We perform the same operation with the smaller diagonal. Using law of cosines again, we find the length of the smaller diagonal to be $\sqrt{1^2+1^2-2\cdot 1\cdot 1\cdot \cos(72^{\circ})}=\sqrt{\frac12(5-\sqrt{5})}.$

Immediately, we notice a symmetry between these two answers. Moreover, when we take the product of all of the green segments, the square-roots will disappear, since every diagonal’s length is repeated. So, the product of these diagonals is $\left(\sqrt{\frac12(5+\sqrt{5})}\right)^2\left(\sqrt{\frac12(5-\sqrt{5})}\right)^2=\frac12(5+\sqrt{5})\cdot \frac12(5-\sqrt{5})=5.$ Such a nice answer!

A regular hexagon yields much simpler values when we perform the same process: We get that the shortest diagonal is has length $1,$ the medium diagonal has length $\sqrt3,$ and the longest diagonal has length $2.$ Taking the product of all diagonals gives us $1^2\cdot (\sqrt3)^2\cdot 2=6.$

So perhaps you have noticed the pattern by now.

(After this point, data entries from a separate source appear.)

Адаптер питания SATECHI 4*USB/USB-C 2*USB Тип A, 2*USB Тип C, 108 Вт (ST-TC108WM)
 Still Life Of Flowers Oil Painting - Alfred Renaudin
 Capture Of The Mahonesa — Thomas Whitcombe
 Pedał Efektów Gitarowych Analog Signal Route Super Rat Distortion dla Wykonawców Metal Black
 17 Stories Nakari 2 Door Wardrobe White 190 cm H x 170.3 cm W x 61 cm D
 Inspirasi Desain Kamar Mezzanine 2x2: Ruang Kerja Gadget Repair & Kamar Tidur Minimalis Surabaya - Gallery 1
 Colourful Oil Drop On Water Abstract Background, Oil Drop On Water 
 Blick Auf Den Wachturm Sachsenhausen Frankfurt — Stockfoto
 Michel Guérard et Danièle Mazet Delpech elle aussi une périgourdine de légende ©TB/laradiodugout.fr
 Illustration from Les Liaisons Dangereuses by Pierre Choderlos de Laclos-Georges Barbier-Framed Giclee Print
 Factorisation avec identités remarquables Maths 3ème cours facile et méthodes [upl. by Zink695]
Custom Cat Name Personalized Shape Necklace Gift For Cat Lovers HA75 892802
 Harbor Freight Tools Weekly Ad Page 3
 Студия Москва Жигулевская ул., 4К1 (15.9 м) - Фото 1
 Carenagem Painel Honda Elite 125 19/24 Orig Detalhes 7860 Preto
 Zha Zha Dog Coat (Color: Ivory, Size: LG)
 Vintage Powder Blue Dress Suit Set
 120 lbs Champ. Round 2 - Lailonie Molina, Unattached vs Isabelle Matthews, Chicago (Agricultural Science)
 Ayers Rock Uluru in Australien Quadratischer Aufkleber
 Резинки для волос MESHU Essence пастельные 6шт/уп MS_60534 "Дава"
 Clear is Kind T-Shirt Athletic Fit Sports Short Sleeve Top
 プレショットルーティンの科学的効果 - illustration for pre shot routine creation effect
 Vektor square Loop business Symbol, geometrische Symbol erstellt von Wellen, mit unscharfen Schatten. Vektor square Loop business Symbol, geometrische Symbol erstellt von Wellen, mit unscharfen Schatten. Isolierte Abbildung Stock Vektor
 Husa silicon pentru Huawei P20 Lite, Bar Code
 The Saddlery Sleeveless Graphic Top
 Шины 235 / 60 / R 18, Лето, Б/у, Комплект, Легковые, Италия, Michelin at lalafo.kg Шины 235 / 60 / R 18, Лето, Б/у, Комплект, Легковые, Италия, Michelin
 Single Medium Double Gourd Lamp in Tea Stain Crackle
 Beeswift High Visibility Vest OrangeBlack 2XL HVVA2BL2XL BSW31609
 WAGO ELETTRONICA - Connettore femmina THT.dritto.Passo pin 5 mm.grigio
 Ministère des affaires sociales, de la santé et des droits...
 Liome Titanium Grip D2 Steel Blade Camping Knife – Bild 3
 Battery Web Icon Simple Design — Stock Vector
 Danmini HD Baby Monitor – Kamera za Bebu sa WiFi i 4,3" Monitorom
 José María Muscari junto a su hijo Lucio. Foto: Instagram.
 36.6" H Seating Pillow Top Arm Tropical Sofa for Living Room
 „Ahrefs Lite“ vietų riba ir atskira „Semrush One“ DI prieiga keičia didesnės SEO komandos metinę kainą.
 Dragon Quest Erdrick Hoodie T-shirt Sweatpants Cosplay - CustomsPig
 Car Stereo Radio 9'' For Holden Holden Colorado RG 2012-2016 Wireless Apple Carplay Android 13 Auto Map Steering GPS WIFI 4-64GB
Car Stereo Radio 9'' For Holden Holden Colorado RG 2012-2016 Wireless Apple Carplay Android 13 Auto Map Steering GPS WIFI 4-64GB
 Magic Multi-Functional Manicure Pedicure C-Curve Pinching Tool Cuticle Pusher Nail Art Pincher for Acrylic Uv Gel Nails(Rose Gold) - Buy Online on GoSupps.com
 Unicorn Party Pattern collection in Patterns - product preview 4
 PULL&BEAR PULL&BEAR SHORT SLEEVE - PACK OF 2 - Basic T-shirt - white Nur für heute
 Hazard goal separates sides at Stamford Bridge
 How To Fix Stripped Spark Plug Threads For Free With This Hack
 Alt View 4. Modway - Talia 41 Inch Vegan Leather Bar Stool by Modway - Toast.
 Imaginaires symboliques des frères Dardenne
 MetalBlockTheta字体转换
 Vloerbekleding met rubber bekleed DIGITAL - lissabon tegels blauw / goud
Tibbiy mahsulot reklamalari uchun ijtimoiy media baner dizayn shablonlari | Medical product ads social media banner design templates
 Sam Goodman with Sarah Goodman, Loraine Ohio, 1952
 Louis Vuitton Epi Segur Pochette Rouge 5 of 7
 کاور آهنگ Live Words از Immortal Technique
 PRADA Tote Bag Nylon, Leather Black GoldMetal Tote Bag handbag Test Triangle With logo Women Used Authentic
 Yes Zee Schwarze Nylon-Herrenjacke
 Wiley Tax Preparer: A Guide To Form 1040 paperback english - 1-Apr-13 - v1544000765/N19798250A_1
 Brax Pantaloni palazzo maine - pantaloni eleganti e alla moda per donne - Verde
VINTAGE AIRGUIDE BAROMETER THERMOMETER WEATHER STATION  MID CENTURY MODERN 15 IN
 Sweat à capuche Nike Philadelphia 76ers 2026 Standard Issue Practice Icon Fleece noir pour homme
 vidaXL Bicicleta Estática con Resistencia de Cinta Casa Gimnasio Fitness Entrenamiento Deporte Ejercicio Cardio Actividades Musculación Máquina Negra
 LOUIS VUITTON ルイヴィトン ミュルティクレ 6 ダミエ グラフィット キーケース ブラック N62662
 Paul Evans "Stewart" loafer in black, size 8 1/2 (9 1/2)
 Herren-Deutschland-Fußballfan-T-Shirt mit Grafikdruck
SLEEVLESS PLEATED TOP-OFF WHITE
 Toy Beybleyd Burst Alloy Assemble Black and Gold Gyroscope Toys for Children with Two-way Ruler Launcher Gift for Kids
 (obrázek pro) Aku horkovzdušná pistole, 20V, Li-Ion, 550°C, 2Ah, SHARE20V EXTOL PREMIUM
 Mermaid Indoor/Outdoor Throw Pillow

The product of all the lengths of a diagonals from one vertex of a regular $n$ -gon seems to be $n$ !

Another curious thing one might notice is that if we take the sum of the squares of each length, we also get a nice number. (I accidentally stumbled upon this by typing in the wrong expression in WolframAlpha.) For the pentagon, we get $2\cdot \left(\sqrt{\frac12(5+\sqrt{5})}\right)^2+2\cdot \left(\sqrt{\frac12(5-\sqrt{5})}\right)^2=(5+\sqrt5)+(5-\sqrt5)=10.$ For the hexagon, we get $2\cdot 1^2+1\cdot (\sqrt3)^2 + 2^2=12.$ Yes, as expected, the sum of the squares of these lengths is indeed $2n,$ for a regular $n$ -gon.

But why are both of these patterns true? To answer this, we look to the complex plane.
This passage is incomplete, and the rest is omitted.